I’ve got a problem which concern C and Assembly cooperation. I would like to write a program which sending a table pointer to assembler’s function, and in this function the table is filled of some data, next is returned to C and results are written to output.
The following code relate to C part:
#include <stdio.h>
extern int oblicz(double,double, double, double, int, double *);//a signature of an exter assembly function
int oblicz(double,double, double, double, int, double *);// the last position is a pointer of my table
//(some code)
size =(int)k;
tab = (double *)malloc(sizeof(double)*(size+1)); // alocation of memory
if (oblicz(a,b,P,Q,size,tab)) //the function
{
for(i;i<size;i++)
printf ("a result on %d index is %.10g \n",i, tab[i] );
}
Assembly part:
%define a qword [ebp+8]
%define b qword [ebp+16]
%define P qword [ebp+24]
%define Q qword [ebp+32]
%define sizet dword [ebp+40]
%define tab dword [ebp+44]// the table pointer
to make a code accomplishment simple I used below syntaxt in which Im setting only tab[0]
;i omited setting frame etc.
xor ebx,ebx
mov ebx, tab
mov qword [ebx], 4
and result in C is
a result on: 0 -is 1.669124542e-307 // it is always the same independently of value in this line : "mov qword [ebx], 4"

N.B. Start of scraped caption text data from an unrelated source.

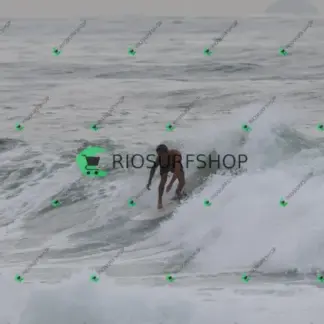 Foto 515 - Canto do Recreio 2026-02-24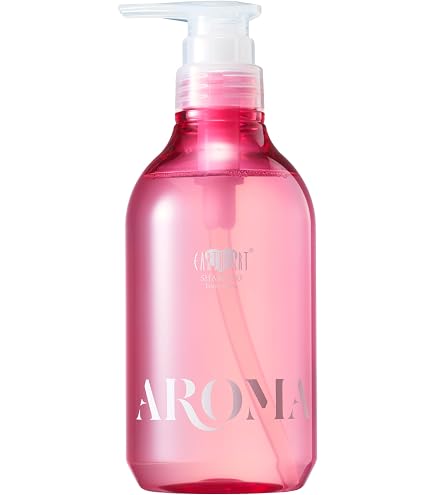 Amazon | サロン専売品【セット】EARTHEART アロマシャンプー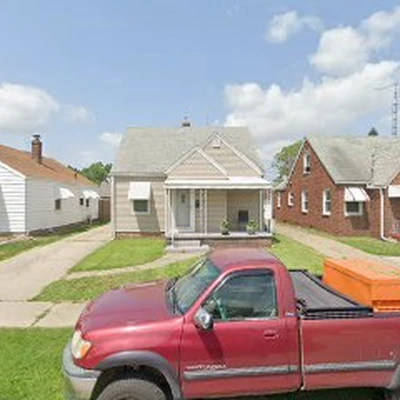 Ingenious Plumbing and Drainage Services Toledo
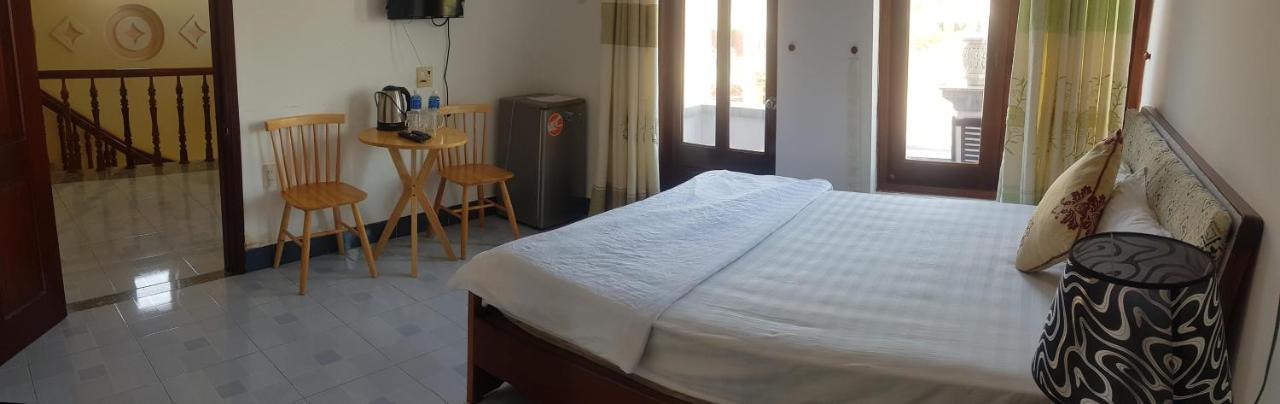 Tulip Hotel 3*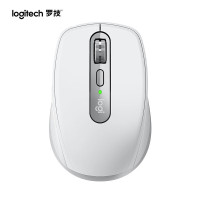 Logitech MX Anywhere 3无线蓝牙双模鼠标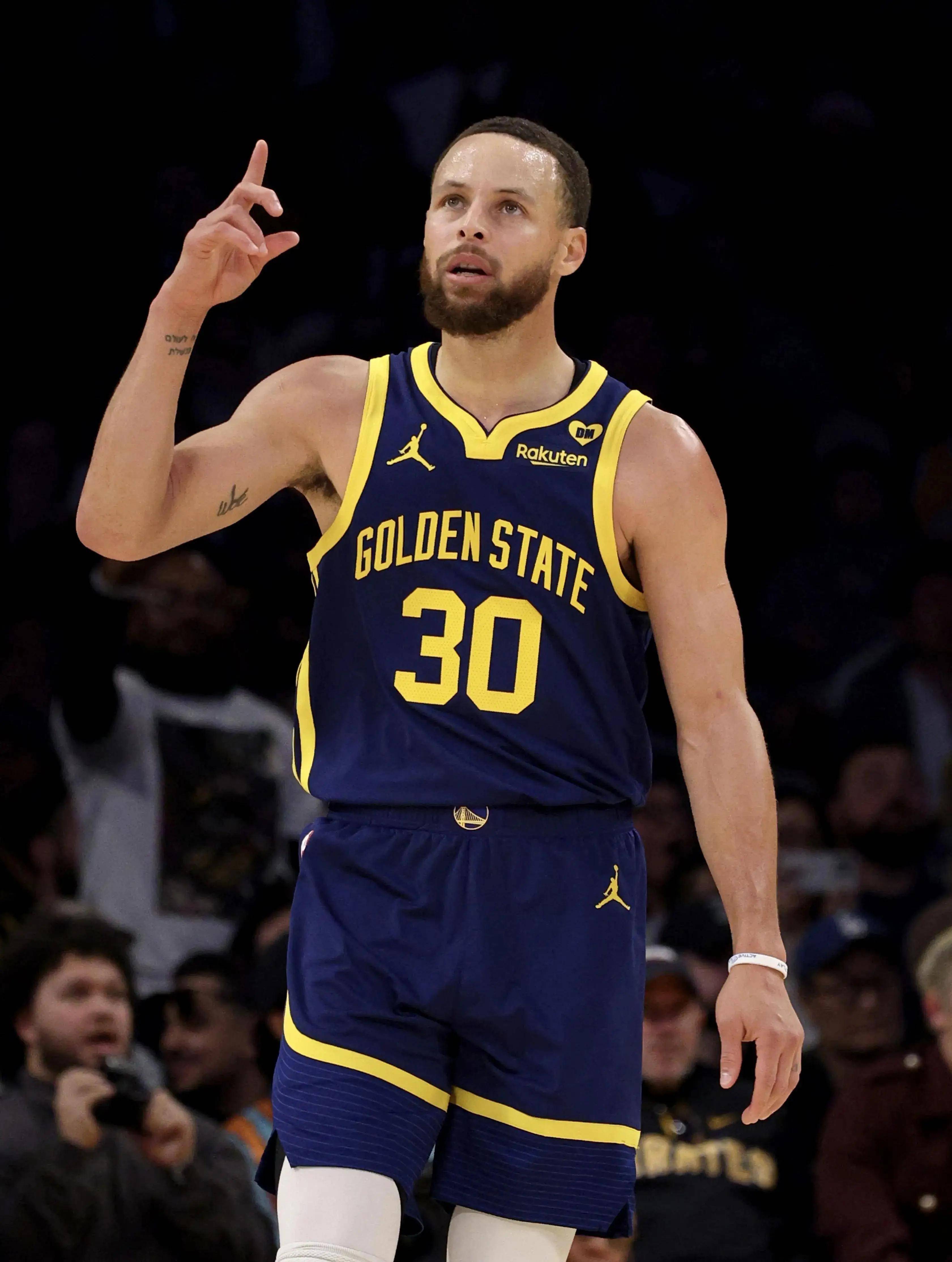 的局势下 的局势下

I would be gratful for any suggestion what may be wrong
So you are moving the literal integer 4 to the first element of tab. The first element will look like this:
In IEEE 754 double precision numbers, the exponent is in the top bits and in your case is zero. As the fraction is non zero (4 in your case), you have a subnormal number. This means that you have written a very small number and not 4.
I’m guessing you want to move the double version of 4 to that address.